David S. Kaplan, Colorado State Public Defender, Elizabeth Griffen, Deputy State Public Defender, Denver, Colorado, for Defendant-Appellant. Opinion by Judge TAUBMAN.

Defendant, Brian Gresl, appeals the trial court orders denying his motions for postconviction relief. We vacate the order granting reconsideration of the denial of his Crim. P. 35(b) motion, dismiss the appeal as to the orders denying enforcement of the order granting that reconsideration, and affirm the remainder of the orders.

In November 1995, pursuant to a consolidated plea agreement, defendant pleaded guilty in one case to sexual assault on a child by one in a position of trust (the sex assault case) and in another case to theft (the theft case). In exchange for defendant's guilty pleas, the prosecution agreed to dismissal of the remaining charges in those cases and three other cases.

On June 18, 1996, the trial court sentenced defendant to a twelve-year prison term for the sexual assault conviction and a concurrent three-year term for the theft conviction.

Defendant then filed a timely Crim. P. 35(b) motion on October 15, 1996 in the sexual assault case. That motion was denied following a hearing on March 3, 1997. On April 23, 1997, 309 days after he was sentenced, defendant filed motions in both cases to reconsider the denial of his Crim. P. 35(b) motion. The trial court's order of July 9, 1997, apparently granting the motions to reconsider, is at issue here.

It is unnecessary to set forth the rest of the complicated procedural background of this appeal, which involves several trial court orders ultimately denying defendant's Crim. P. 35(b) and (c) motions.

I. Motions to Reconsider Denial of Crim. P. 35(b) Motion

Defendant first contends that the trial court erred by concluding that the July 9, 1997 order granting his motions to reconsider the denial of his Crim. P. 35(b) motion was a clerical mistake and by denying his Crim. P. 35(c) motion seeking enforcement of the order granting the motions to reconsider. We need not resolve that issue because, in any event, we conclude that the trial court lacked jurisdiction to entertain the motions to reconsider.

We agree with the People that defendant's motions to reconsider the order denying his Crim. P. 35(b) motion amounted to a second Crim. P. 35(b) motion and that, because the motions were filed after the 120-day deadline for filing such motions, the trial court lacked jurisdiction to rule on them.

No provision of the criminal procedure rules specifically authorizes a motion to reconsider an order denying a Crim. P. 35(b) motion or otherwise provides for reconsideration of such an order. See People v. Morales-Uresti, 934 P.2d 856 (Colo.App. 1996)

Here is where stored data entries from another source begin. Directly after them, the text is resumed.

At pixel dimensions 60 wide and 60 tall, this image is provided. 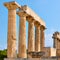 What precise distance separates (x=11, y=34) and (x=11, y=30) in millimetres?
618

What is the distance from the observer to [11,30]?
39.8 metres

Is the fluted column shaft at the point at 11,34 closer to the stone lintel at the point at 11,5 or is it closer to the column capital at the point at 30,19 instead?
the stone lintel at the point at 11,5

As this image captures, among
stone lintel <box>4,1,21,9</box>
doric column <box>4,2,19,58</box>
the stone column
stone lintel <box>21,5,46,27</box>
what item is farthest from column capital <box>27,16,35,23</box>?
stone lintel <box>4,1,21,9</box>

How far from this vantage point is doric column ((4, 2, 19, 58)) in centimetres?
3916

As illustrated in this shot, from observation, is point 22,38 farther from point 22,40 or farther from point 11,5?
point 11,5

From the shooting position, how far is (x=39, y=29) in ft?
182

(court affirms denial of motion to reconsider denial of Crim. P. 35(b) motion without addressing jurisdiction); see also People v. Adams, 905 P.2d 17 (Colo.App.1995)(filing a motion to reconsider cannot extend the time to appeal an order denying a Crim. P. 35(c) motion); cf. Stone v. People, 895 P.2d 1154 (Colo.App.1995)(division noted that a motion to reconsider is not specifically delineated in C.R.C.P. 59, and no other rule or statute established a party's right to file a motion to reconsider except under § 24-4-106(2), C.R.S.2003, of the Administrative Procedure Act and C.A.R. 40).

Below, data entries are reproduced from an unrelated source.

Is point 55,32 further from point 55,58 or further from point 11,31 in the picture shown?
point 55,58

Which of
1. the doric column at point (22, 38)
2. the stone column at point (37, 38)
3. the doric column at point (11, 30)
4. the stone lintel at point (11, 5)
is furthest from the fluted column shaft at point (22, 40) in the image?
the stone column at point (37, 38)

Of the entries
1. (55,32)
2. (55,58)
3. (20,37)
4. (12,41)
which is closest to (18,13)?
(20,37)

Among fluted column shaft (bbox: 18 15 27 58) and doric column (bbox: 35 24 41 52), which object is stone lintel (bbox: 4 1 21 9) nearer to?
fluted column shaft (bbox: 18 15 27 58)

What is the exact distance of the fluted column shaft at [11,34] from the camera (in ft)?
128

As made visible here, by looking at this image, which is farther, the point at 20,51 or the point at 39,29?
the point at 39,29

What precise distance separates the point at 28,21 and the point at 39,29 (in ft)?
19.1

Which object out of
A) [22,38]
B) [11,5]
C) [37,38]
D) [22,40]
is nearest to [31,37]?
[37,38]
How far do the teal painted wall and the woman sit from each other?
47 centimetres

"Under Crim. P. 35, motions for reduction of sentence must be filed with the trial court within 120 days after sentence is imposed. Once the 120-day limit expires, the trial court's jurisdiction to reduce or change the sentence terminates." Swainson v. People, 712 P.2d 479, 480 (Colo.1986).

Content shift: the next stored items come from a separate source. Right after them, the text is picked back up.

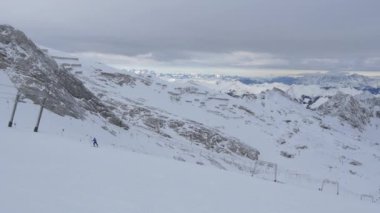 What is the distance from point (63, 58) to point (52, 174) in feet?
509

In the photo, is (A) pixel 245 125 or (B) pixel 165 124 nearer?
(B) pixel 165 124

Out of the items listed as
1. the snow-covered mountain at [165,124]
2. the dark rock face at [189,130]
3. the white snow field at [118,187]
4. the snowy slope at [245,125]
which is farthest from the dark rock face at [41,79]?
the snowy slope at [245,125]

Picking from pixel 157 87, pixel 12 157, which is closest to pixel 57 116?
pixel 12 157

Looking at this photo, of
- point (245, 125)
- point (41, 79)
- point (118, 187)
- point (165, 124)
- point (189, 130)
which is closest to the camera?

That time limit may be extended only in limited circumstances, such as when a defendant is unconstitutionally deprived of the opportunity to file a Crim. P. 35(b) motion because of ineffective assistance of counsel. Swainson v. People, supra.

That time limit may also be extended by statute, such as § 17-27.7-104(2)(a), C.R.S.2003, which allows an inmate participating in the regimented inmate training program to file a Crim. P. 35(b) motion within sixty days of termination or completion of the program. See People v. Smith, 971 P.2d 1056 (Colo.1999). No such extension applies here.

Accordingly, we conclude the trial court lacked jurisdiction to entertain the motions to reconsider because they were filed more than 120 days after defendant's sentence was imposed. See People v. Fuqua, 764 P.2d 56 (Colo.1988)

(the requirement that a Crim. P. 35(b) motion be filed within 120 days after the sentence becomes final is jurisdictional, and a trial court lacks jurisdiction to consider an untimely motion); Swainson v. People, supra (same); People v. Campbell, 75 P.3d 1151 (Colo.App.2003)(same); People v. Arnold, 907 P.2d 686 (Colo.App.1995)(same). We similarly reject defendant's argument that the trial court had jurisdiction to entertain his motions to reconsider because his initial Crim. P. 35(b) motion was timely filed. There is no basis to conclude that defendant's motions to reconsider relate back to the date of his initial Crim. P. 35(b) motion. Accordingly, because defendant's motions to reconsider the denial of his Crim. P. 35(b) motion were filed more than 120 days after the date of his sentencing, the trial court did not have jurisdiction to rule on them.

Finally, the question whether the trial court erred in ruling on those motions is moot. We thus dismiss the appeal as to the September 20, 2001 order and the portion of the May 10, 2001 order regarding the motions to reconsider.

II. Motion to Withdraw Guilty Plea

Defendant next contends he was not advised about the sentencing consequences of his guilty plea to the sex assault charge and that the trial court erred by denying his Crim. P. 35(c) motion to withdraw his guilty plea on that basis. We disagree.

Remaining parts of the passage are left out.